Chapter Thirty-Nine of 'For the Game'
Feb. 8th, 2026 09:52 pm“Come in, Harry.”
Harry slipped into the office that Professor Lupin looked as if he had already mostly packed up. The grindylow was still in its tank in the center, and there was a large trunk sitting off to the side that hadn’t been there before, but Harry didn’t think that it would take Lupin long to pack those.
“I understand you have something to say to me.”
Harry turned to face Lupin and locked his hands together behind his back. He had left the snake in his dormitory, since it was irritated enough with Lupin that it might really have tried to bite him. “I’m sorry, sir.”
“Sorry for what?”
“Sorry for what the Headmaster believes I did.”
Lupin paused for a long second. Then he said, “The Headmaster must have knowledge that you did it, Harry, not merely belief, or he wouldn’t have asked you to apologize to me.”
“Can werewolves smell deception?”
Lupin’s face crinkled in disgust. “I’m a person, Harry, not merely a werewolf.”
“You’re both.”
Lupin paused again, staring at Harry as if he suspected him of lying. Harry stared back, flatly. The moments passed, long and slow enough that the grindylow started to tap boredly against the side of its tank.
Then Lupin murmured, “You think of me as a person, but you did this to me.”
“You didn’t answer my question.”
“Yes, we can smell when someone’s lying. More or less.” Lupin gave a quick, irritated jerk of his head. “That doesn’t mean that I’m about to serve as your portable Veritaserum, or whatever it is that you have in mind.”
“I didn’t do this to you.”
Lupin stared at him, and then took a long, harsh sniff. Harry kept staring at him, and Lupin turned around with a soft curse under his breath, pacing back and forth in his office for a moment.

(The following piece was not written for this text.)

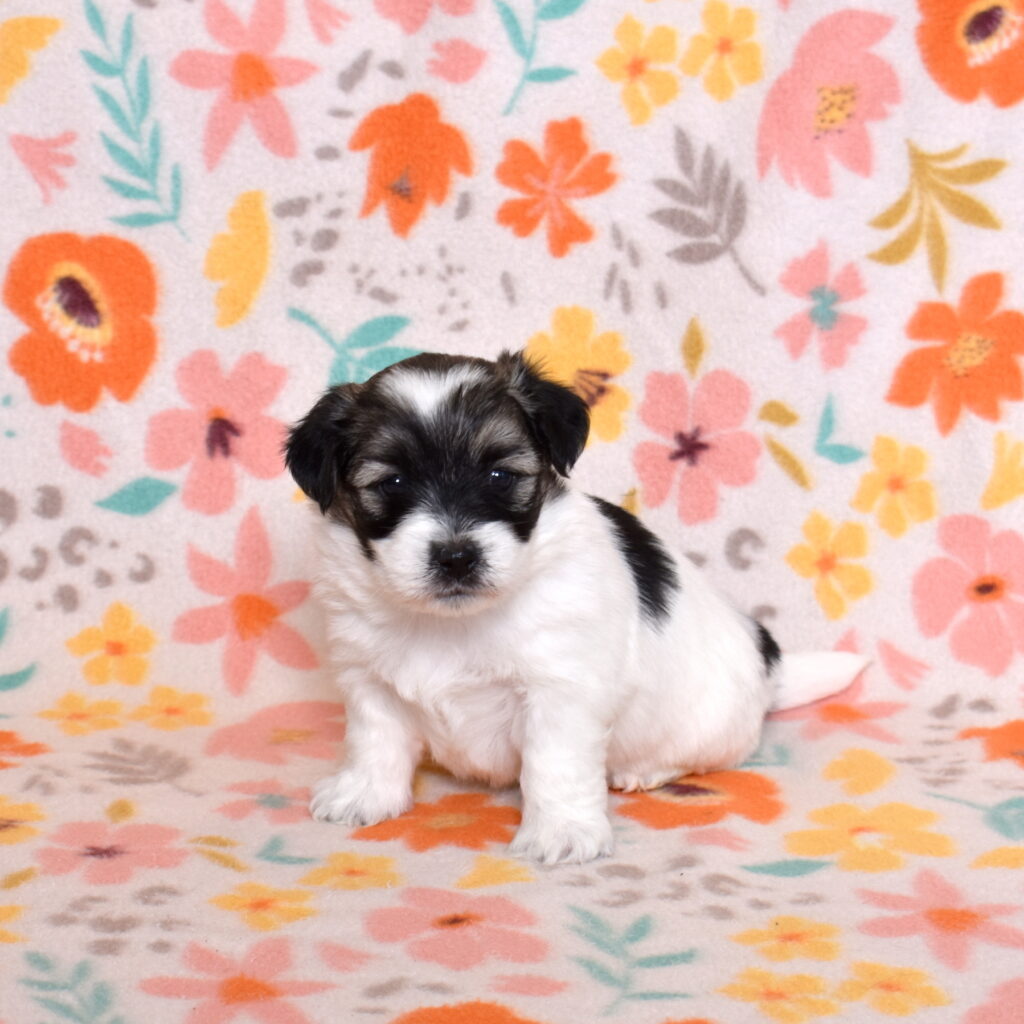 black and white coton de tulear puppies for sale lancaster pa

“That’s not—that can’t be true.”
“The Headmaster said the same thing when I told him the truth, and he ignored what his Legilimency was telling him.”
“But if you didn’t tell people, who did?”
“Well, it wasn’t me. I had no idea you were a werewolf.”
“But why did it happen now?”
“I have no idea how long the curse on the Defense post takes to work. But I know there is one. Surely it could have chosen a different time to work, but it could also be this one, couldn’t it?”
For a long moment, Lupin stood there with his eyes closed. Then he turned back and said in a stiff voice, “It seems that I owe you an apology, Mr. Potter.”
Sound more like someone’s puppeting you with a hand up your arse, why don’t you. But Harry just inclined his head shallowly and said, “All right.”
“Why did the Headmaster disbelieve you?”
“He hates me for not being a Gryffindor.”
Again the stare, again the sniff. But it was the truth as far as Harry knew, and after another long moment, Lupin looked away from him, his lips curling up as he nodded.
“It was a disappointment to a lot of people when you became a Slytherin.”
This is where I belong, Harry thought, even as he considered that that might not have been true three years ago. Maybe he’d become who he’d become because of the Sorting Hat, and everything would have been different if he’d gone into Gryffindor.
He would have been closer friends with Ron and Hermione. He’d probably have more of Snape’s hatred and Dumbledore’s support than he had at the moment.
He wouldn’t have been friends with Blaise and Theo.
That feels like a loss.
“Well, I can’t help that,” Harry said mildly, when he realized that Lupin was looking at him, even leaning forwards a little, as if straining after the answer. “That’s just the way that things are.”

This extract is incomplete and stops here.